Neither of us had ever worked in a kitchen before, so we were anxious to see what it was like behind the scenes at The Beastro.  We arrived at exactly 10:00am and were immediately given uniforms and shoes to wear in the kitchen.

Here’s a list of some of the stuff we did:

– chop parsley and cilantro for chimmichurri sauce

– peel, cut, and cooked mashed potatoes for potato bread

– made vinaigrette

– made bagna cauda

– butchered and vacuum packed a shit load of hanger steaks

– butchered and vacuum packed chickens (learning experience because I screwed one up, so that went in “Family Meal”)

– made biscuit dough

– peeled and chopped onions, probably around 50L

– chopped watermelon for Jungle Juice

– grated a shit load of cheese

– helped clean up the kitchen at the end of service

The thing that surprised us the most was how much stuff is prepared in advance.  I mean obviously kitchens have to prep for their service, but we never knew what kind of planning, quantity, and physical labor went into that.  It’s a lot!

For example, even when you decide to order a salad, someone has chopped the kale, made the cheese, made the vinaigrette, butchered, sous vide and cooked the chicken; and not just for your salad, for hundreds of other peoples’ salads, too.  To most eaters, it might just look like a simple, refreshing salad, that they think they can make at home – but it’s the huge quantities of prepping that makes the job arduous, even if the task is as simple as cutting tails off garlic or cutting onions.  Not to mention the long hours, which is mentally exhausting; and we weren’t even cooking anything!  Shit is intense!!!

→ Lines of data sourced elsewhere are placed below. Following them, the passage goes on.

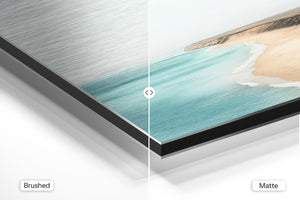 Tranquil Coastal Horizon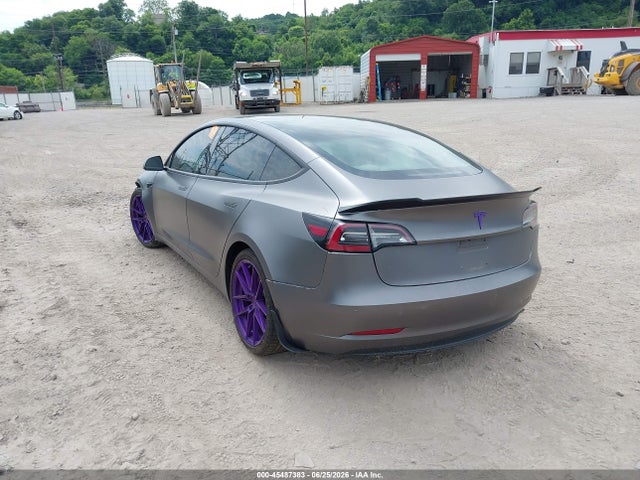 Продажа на аукционе авто 2018 Tesla Model 3 Long Range/performance, vin: 5YJ3E1EB0JF135643, номер лота: 45487383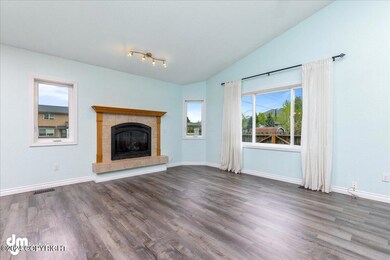 05-Living Room 20240606-DW-4307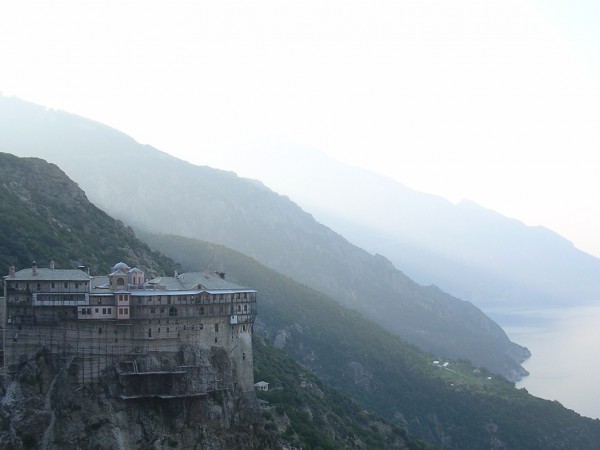 Увеличава се броят на монасите на Света гора, загубили живота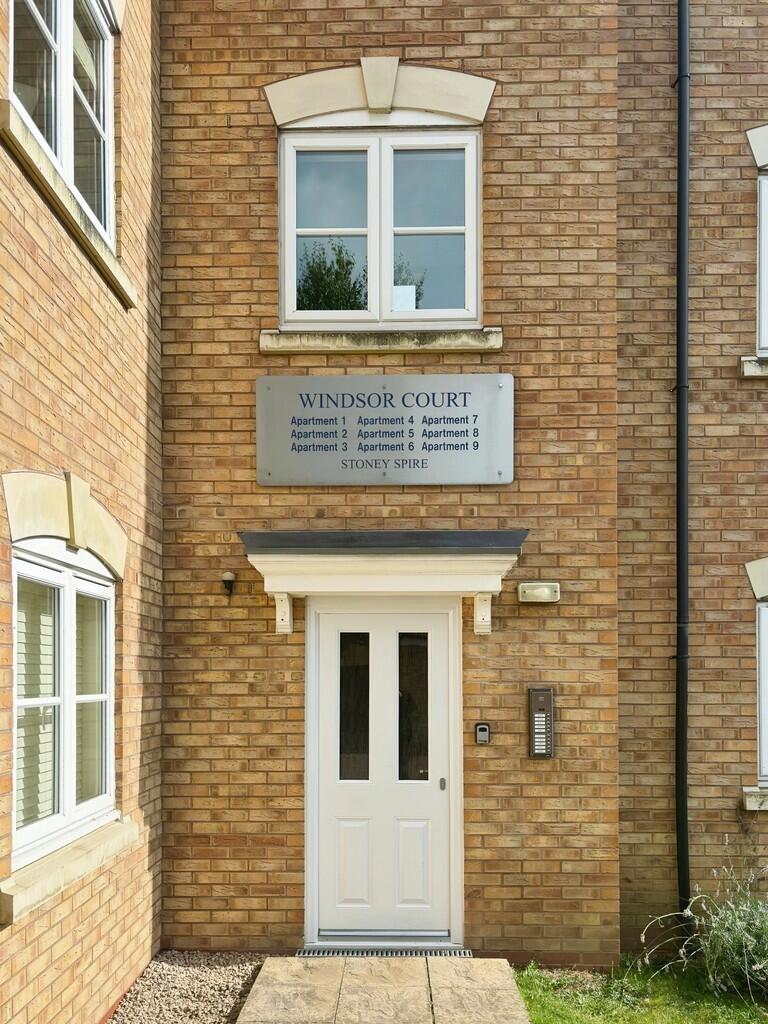 c6d9eb48-WhatsApp...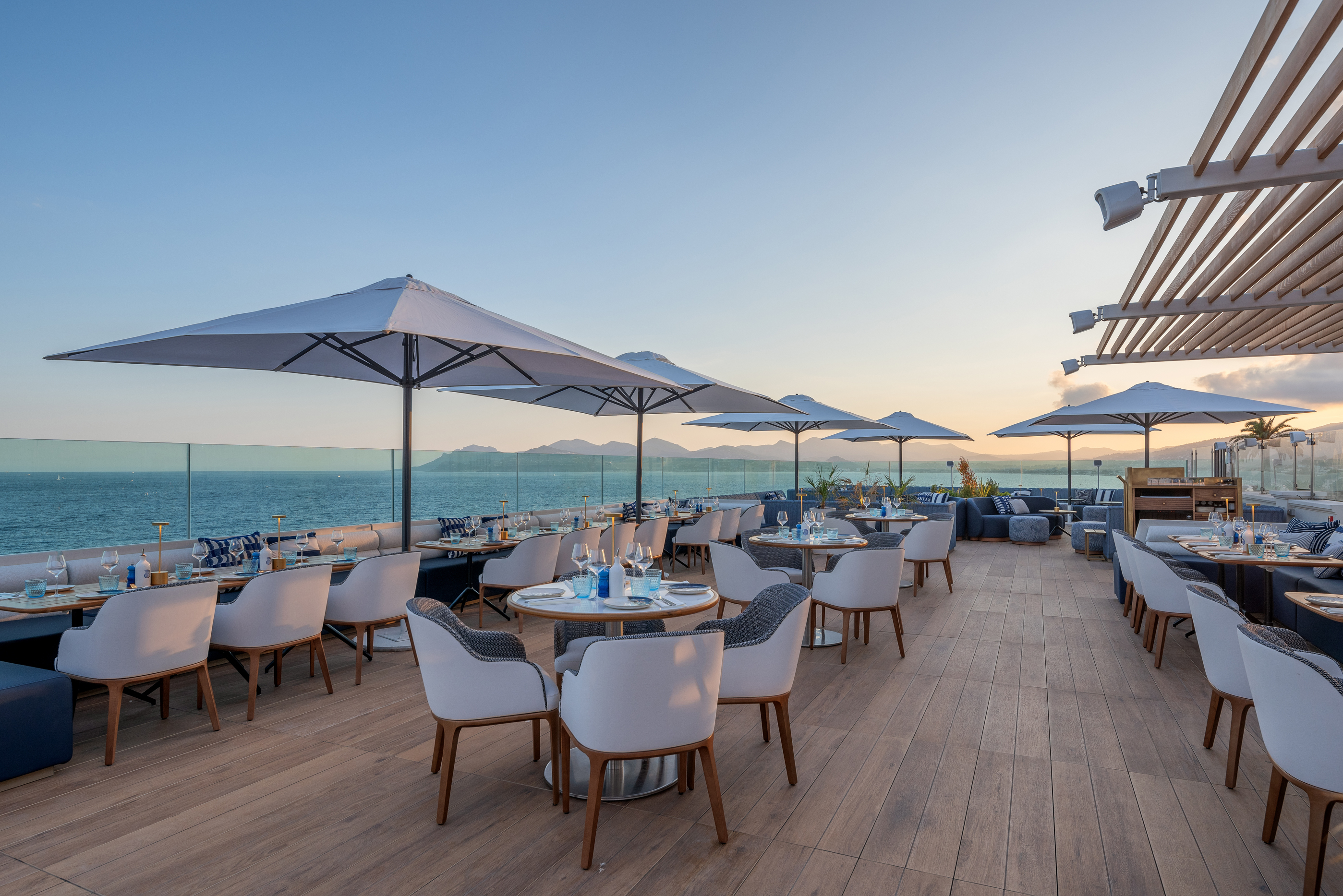 Panoramic view over the bay of Cannes from the rooftop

Overall, Ben and I really enjoyed our experience at The Beastro, and by enjoyed I don’t mean to glamorize the hard work of a chef – again, mad props to anyone who does this for a living.  It was an experience where we both learned a lot. It was super intense, but we both tried our best during the double shift.  Afterwards there was a Back to School Party on the rooftop (saw a lot of old faces).  I honestly don’t even know how anyone after working that long in a kitchen could go and socialize with other human beings, but Ben’s Jungle Juice and my glass of red wine helped as we celebrated our first time busting ass in a kitchen.  We hope to be able to do this again in other kitchens or bakeries to learn more about food and cuisine, and for me it settled some qualms about whether or not I could handle the kitchen.  I think I could.

Thanks to The Beastro and all the employees who helped us during the day!